Le risque d’être infecté au VIH sur le lieu de travail peut être faible,
mais l’étude a découvert que « la peur que cela arrive est répandue et très
réelle » parmi les travailleurs de la santé, selon M. Wheeler.
Près de 70 pour cent des personnels ont dit qu’ils étaient mal protégés
contre le VIH sur leur lieu de travail, dans la mesure où ils manquaient de
gants, de savon, d’eau et de conteneurs adaptés pour stocker les seringues
usagées.
Les piqûres de seringue accidentelles sont « extrêmement fréquentes » dans
les pays en développement, mais entraînent un risque assez faible
d’infection au VIH. Dans les faits, la transmission du VIH dans l’exercice
de la profession compte pour 2,5 à quatre pour cent des infections au VIH
parmi les travailleurs de la santé.
L’étude a noté que lorsque les personnels étaient exposés au virus sur leur
lieu de travail, très peu d’entre eux choisissaient d’utiliser la
prophylaxie post-exposition (PEP) comme mesure de prévention, parce qu’ils
comprenaient souvent mal comment la PEP marchait et pensaient que s’ils
l’utilisaient, ils seraient obligés de faire un test VIH.
Moins de 40 pour cent des quelque 1 000 travailleurs de la santé ayant
participé à l’enquête étaient au courant des politiques destinées à les
protéger de l’infection et de la discrimination sur le lieu de travail, a
noté M. Wheeler.
Le docteur Yohannes Chanyalew, de l’Organisation internationale du travail
(OIT), a dit aux délégués que les politiques pour les travailleurs de la
santé sur le lieu de travail ne pouvaient plus rester « enfermées dans un
tiroir », et a exhorté les employeurs à informer leurs personnels de leurs
droits à se protéger du VIH.
M. Wheeler a reconnu qu’il y avait peu d’informations sur les niveaux
d’infection au VIH parmi les travailleurs de la santé, mais qu’il était
généralement admis que ces degrés d’infection étaient plus ou moins
équivalents à ceux de la population générale.

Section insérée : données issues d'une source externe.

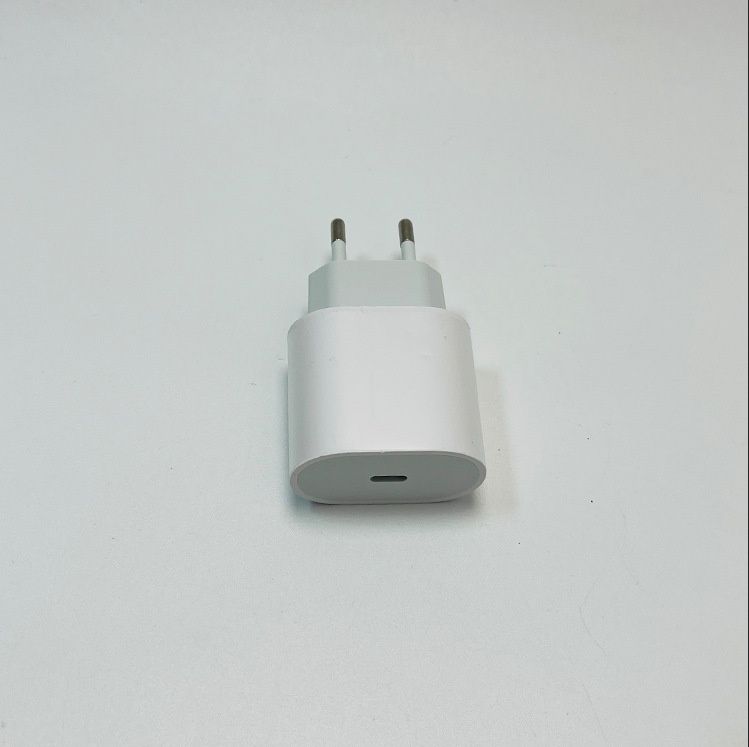 Kompatibel mit iPhone 15 Ladegerät Dual C-Apple 16-adriges geflochtenes Set EU-Standard-Schnellladekabel_voghion.com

Mwansa Nkowane, un responsable de l’OMS, a prévenu que le VIH et la TB
figuraient parmi les principales causes de décès des travailleurs
sanitaires, et a estimé qu’il était urgent de prendre des mesures pour leur
fournir des services VIH/SIDA adaptés.
D’après Mme Nkowane, 17 pour cent des décès de travailleurs de la santé
entre 1999 et 2005 au Botswana étaient liés au VIH. « Si aucune action n’est
entreprise, cela pourrait atteindre 40 pour cent en 2010 », a-t-elle dit.
La peur de la discrimination liée au VIH a empêché de nombreux travailleurs
de la santé d’aller se faire dépister au VIH ; bon nombre d’entre eux ne
veulent pas être dépistés par des collègues. M. Wheeler a noté que le manque
de confiance entre la direction et les personnels étant souvent élevé, la
méthode choisie par les travailleurs était souvent de se dépister eux-mêmes.
Les taux d’accès aux ARV sont plus encourageants : 72 pour cent des
travailleurs sanitaires considèrent que l’accès à ces traitements est
facile, et les personnels sont plus disposés à prendre leur traitement dans
leur propre centre sanitaire, bien que plusieurs d’entre eux aient souligné
le besoin de mettre en place des consultations spéciales pour les employés.